Where to stay, rent and buy in Carlingford
Home for the holidays: Co Louth gem with mythic past and beautiful views has lots to offer
This little corner of Co Louth is a secret gem. The Cooley Peninsula borders counties Louth and Down and is fabled in An Táin, which tells the story of Queen Medb of Connacht, who with her husband Ailill try to steal Donn Cuailnge, the scared pedigree bull, from Ulster’s Dáire mac Fiachna. In it much of the action surrounds Cúchullain’s efforts to oppose the queen’s warriors.
Once a two-hour drive from Dublin, the journey time has been shortened to a very manageable 75 minutes. Carlingford Lough, or Costa del Carlingford as it’s called by some locally, boasts a trinity of holiday towns – Warrenpoint and Rostrevor in Co Down on its north shore, where the kingdom of Mourne inspired CS Lewis’s Narnia, and Carlingford on the Cooley Peninsula, on the southern entrance to the lough in Co Louth.
It may be the “weeist” of the three resorts but it is a beauty spot beyond compare and unlike anything you expect, especially if you’ve been used to holidaying on the west coast. The medieval town is surrounded by lush green land and sheltered by mountain ranges, with the Mournes sweeping down to the sea.
The scenery is beyond painterly; deep purples and slate blues of the mountains bleed into multiple shades from grass-green fields to wheaten mown meadows all drawing the eye down to the water’s edge, itself a precious collection of jewel shades, green tourmaline on a good day; deep sapphire blue on days that are overcast.

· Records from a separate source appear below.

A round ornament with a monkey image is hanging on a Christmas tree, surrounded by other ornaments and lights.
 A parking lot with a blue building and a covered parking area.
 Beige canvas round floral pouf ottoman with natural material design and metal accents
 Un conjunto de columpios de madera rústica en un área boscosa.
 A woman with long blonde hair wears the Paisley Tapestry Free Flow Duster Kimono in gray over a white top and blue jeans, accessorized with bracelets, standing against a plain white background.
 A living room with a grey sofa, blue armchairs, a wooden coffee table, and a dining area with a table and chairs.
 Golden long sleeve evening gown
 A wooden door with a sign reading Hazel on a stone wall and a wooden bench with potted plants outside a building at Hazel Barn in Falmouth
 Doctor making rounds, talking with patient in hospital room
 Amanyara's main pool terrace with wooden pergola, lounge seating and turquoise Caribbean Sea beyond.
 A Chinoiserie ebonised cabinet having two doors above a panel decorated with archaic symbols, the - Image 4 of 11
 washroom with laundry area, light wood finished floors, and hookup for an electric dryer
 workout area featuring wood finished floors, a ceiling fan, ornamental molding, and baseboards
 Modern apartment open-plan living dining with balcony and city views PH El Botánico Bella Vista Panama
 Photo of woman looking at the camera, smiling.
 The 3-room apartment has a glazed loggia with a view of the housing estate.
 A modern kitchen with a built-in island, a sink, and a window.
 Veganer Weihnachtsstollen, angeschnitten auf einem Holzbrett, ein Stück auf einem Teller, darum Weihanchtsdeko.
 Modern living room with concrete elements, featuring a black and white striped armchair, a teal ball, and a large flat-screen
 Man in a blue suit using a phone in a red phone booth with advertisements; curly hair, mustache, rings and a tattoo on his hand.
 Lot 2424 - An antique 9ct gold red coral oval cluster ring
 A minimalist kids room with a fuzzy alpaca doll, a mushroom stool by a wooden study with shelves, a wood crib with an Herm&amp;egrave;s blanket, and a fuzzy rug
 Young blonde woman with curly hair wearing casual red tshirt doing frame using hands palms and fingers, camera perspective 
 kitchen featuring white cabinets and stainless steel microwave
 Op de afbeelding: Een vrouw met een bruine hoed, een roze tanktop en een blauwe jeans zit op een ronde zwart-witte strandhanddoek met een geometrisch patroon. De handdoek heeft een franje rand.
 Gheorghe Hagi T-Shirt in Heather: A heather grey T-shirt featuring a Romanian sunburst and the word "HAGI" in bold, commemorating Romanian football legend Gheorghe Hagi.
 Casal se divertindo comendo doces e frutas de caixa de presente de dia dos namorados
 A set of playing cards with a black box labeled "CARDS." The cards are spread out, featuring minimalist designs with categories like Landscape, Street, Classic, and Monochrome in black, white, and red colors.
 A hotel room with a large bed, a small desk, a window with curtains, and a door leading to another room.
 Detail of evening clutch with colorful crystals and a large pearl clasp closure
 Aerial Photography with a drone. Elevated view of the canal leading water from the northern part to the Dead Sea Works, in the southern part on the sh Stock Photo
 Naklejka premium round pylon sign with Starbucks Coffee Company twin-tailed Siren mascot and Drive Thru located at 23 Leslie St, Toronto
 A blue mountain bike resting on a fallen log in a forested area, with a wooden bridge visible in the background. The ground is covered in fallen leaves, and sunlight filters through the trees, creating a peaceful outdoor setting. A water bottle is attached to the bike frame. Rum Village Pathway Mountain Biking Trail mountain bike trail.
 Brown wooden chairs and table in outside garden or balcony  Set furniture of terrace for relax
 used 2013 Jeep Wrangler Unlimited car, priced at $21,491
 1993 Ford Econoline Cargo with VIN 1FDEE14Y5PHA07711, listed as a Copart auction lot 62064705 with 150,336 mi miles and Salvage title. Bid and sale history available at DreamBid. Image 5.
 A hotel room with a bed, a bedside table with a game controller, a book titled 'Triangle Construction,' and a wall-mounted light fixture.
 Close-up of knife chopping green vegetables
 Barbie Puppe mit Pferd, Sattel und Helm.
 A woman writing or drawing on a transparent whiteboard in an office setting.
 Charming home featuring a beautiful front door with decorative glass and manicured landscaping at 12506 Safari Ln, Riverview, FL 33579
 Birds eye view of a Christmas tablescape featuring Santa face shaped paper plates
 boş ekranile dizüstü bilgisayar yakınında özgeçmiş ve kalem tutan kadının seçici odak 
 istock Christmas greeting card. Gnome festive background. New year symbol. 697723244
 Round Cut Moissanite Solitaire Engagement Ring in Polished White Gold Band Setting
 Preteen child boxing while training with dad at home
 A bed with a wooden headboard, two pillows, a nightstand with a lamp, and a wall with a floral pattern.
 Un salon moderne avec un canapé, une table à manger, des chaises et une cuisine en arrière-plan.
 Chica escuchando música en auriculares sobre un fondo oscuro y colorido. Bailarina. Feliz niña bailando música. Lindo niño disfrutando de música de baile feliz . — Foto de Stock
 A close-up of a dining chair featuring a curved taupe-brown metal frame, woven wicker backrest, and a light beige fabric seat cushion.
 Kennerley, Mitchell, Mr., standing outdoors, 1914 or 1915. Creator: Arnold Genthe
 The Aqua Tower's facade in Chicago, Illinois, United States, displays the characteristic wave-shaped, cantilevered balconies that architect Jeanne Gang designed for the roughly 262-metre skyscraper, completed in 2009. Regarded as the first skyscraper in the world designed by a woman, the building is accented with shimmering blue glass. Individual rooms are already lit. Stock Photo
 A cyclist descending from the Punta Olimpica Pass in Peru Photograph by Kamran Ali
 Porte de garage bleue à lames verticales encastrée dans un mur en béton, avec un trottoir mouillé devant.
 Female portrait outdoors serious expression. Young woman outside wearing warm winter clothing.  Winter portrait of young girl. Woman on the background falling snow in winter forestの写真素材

On the peninsula there are passage graves and portal tombs aplenty and in the well-preserved medieval town of Carlingford stand the ruins of John, the Magna Carta king’s great castle. And there are activities to keep the most ardent fitness fanatic happy.
There is also a sense of fun and mischief. Rumoured to be the home of the last leprechauns of Ireland you can hear more from Kevin Woods, the local leprechaun whisperer. He tells a tale that the late PJ O’Hare, a county councillor, publican and estate agent whose pub is still under his name in the town, heard a faint cry while half way up the slopes of Slieve Foy showing a property to an American.
When he investigated it he came across what Woods believes to be “authentic artefacts of a leprechaun in Ireland”. They include a leprechaun suit and bones along with four gold coins. In Carlingford, leprechauns are protected under a EU directive, according to a local sign, although an annual leprechaun hunt is held each May.
In 2015, when Fáilte Ireland first launched its Ireland’s Ancient East campaign, this corner of Ireland didn’t make it on to its map. While some considered this a serious oversight, many locals breathed a sigh of relief.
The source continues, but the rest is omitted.